MTHFR Mutations and Antacids are a Bad Mix

Those with MTHFR mutations tend to have elevated homocysteine levels or elevated s-adenosylhomocysteine.

Those with MTHFR mutations tend to be more toxic than those without because of an inability to detox properly.

I will discuss this in detail another time; however, I will touch on it as many antacids do affect the cytochrome P450 pathway. The cytochrome P450 pathway is critical in processing medications and toxins.

These are very serious issues and the last thing those with MTHFR mutations need is further aggravation of either one.

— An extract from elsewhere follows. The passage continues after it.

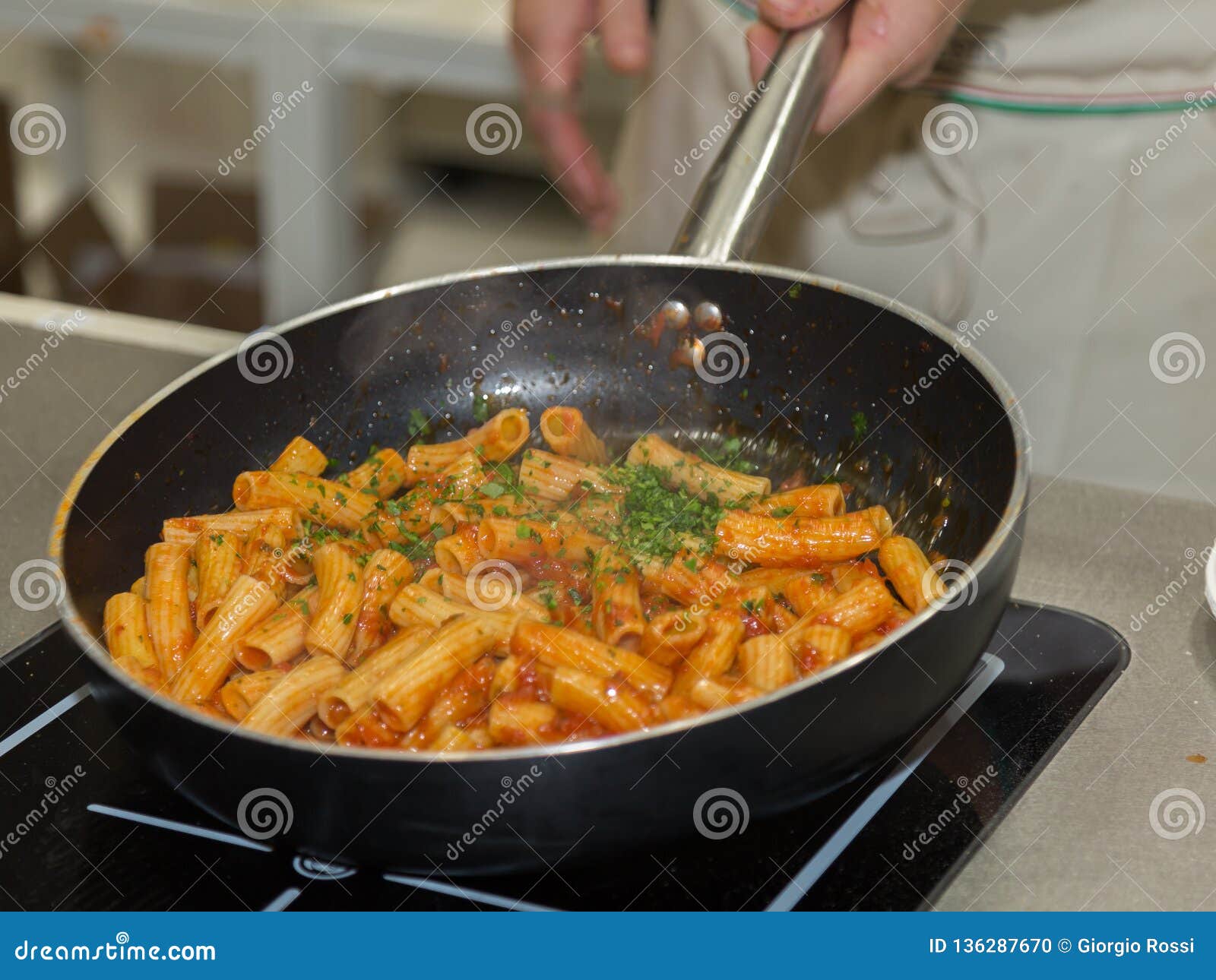 Cooking Italian Pasta Inside Saucepan Chef at Work in the Kitchen
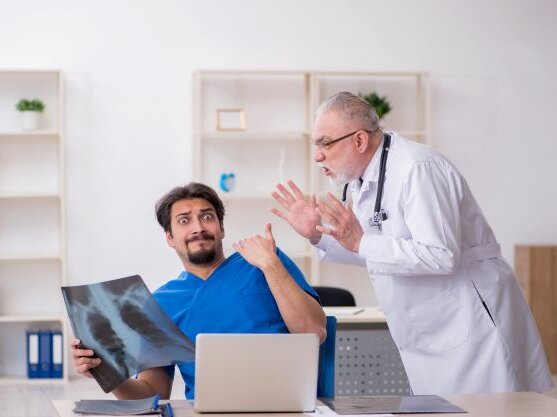 Junger Arzt sitzt mit einem Röntgenbild in der Hand am Schreibtisch und reißt erschrocken die Augen auf. Von der rechten Seite brüllt ihn ein älterer Arzt mit erhobenen Händen an.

Well . . antacids aggravate those with MTHFR mutations.

Why do antacids make those with MTHFR mutations worse!?

  • Antacids, specifically proton pump inhibitors (PPI’s) literally inhibit absorption of vitamin B12
  • Some antacids literally shut down the body’s main detoxification pathway: cytochrome p450.

Research supports me:

B12 status declines during prolonged PPI use in older adults, but not with prolonged H2 blocker use; supplementation with RDA amounts of B12 do not prevent this decline. This report reinforces that B12 deficiency is common in the elderly and suggests that it appears prudent to monitor periodically B12 status while on prolonged PPI use, to enable correction before complications ensue.[1]

Supplementation with B12 does NOT prevent this decline. Ouch.

What happens if someone has low vitamin B12? A few examples:

  • Increased levels of homocysteine
  • Fatigue
  • Irritability
  • Depression
  • Sore tongue
  • ADD/ADHD
  • Inability to concentrate
  • Increased risk of cancer

Don’t address the symptoms of antacids. Address the cause. Unless you want to have any of the symptoms or issues above.

Which antacids are proton pump inhibitors?[2]

  • Omeprazole (Losec, Prilosec, Zegerid, Ocid, Lomac, Omepral, Omez)
  • Lansoprazole (Prevacid, Zoton, Monolitum, Inhibitol, Levant, Lupizole)
  • Dexlansoprazole (Kapidex, Dexilant)
  • Esomeprazole (Nexium, Esotrex)
  • Pantoprazole (Protonix, Somac, Pantoloc, Zurcal, Zentro, Pan, Controloc)
  • Rabeprazole (Zehcin, Rabecid, AcipHex, Pariet, Rabeloc, Dorafem)
  • Revaprazan

 Which antacids are H2 blockers?[3]

  • Cimetidine (Tagamet)
  • Famotidine (Pepcid)
  • Nizatidine (Axid)
  • Ranitidine (Zantac)

I promised I’d talk about the other risk of antacids and their relation to increasing toxicity in the body.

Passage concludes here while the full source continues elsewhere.